Here again the user interface confronts the user with a formidable list
of techno-speak options and little in the way of explanation. At some
level, that is expected; the algorithms have scientific (rather than
marketing-approved) names such as Mantiuk '06 and Reinhard '02 because they
are named after their
creators. But without reading the original papers, it is unreasonable
to expect a user to decipher all of the individual settings. The Ashikhmin
algorithm, for example, sports a checkbox labeled "Simple" and a radio
button allowing you to choose between "Equation Number 2" and "Equation
Number 4." Anyone who can guess what that means without looking is my
personal hero.
Still, at least Luminance gets it right by allowing you to experiment with multiple test images and to compare them side-by-side.

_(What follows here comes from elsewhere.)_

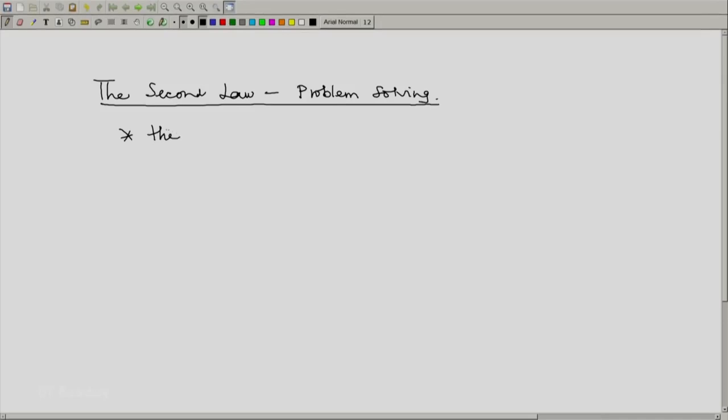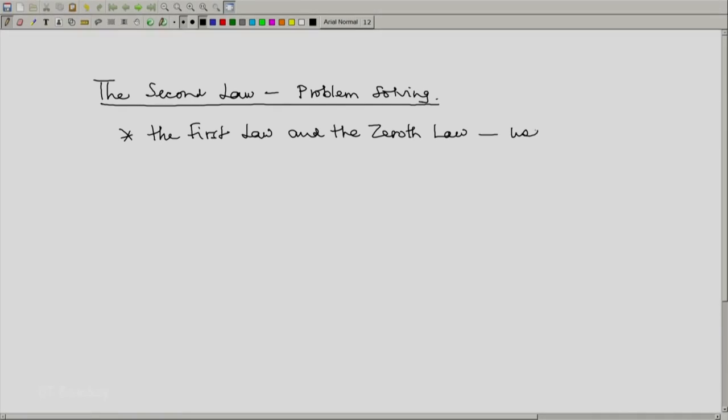The procedures which we have followed for evaluating work and problem solving using the zeroth law and the first law of thermodynamics — those procedures will remain. We are not going to keep them away; they are also part of thermodynamics. So one thing to remember is we should not forget the first law and the zeroth law. We will use them as needed.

Other parts of the GUI (such as the image loader) have a frustrating lack of backup or undo operations. The final output, after all, is the end that justifies all of the means — so if a user can experiment with different algorithms and eventually stumble across a pleasant result, he or she will be happy even if the underlying formulas remain a mystery.
The upper-bound on usability
The tone-mapping algorithm "issue" raises an important question for Luminance and other niche graphics applications, namely: is it always possible to build a user interface with novice-level simplicity, or are some tasks inherently complicated? Do users really need all nine tone-mapping algorithms? Perhaps Luminance could be refactored to hide all of the mathematical details from the user, or dress them up in friendlier terms — but maybe that process would destroy too much of the application itself, turning it into a toy. The same question could probably be asked about Hugin or any of several complex GIMP plugins.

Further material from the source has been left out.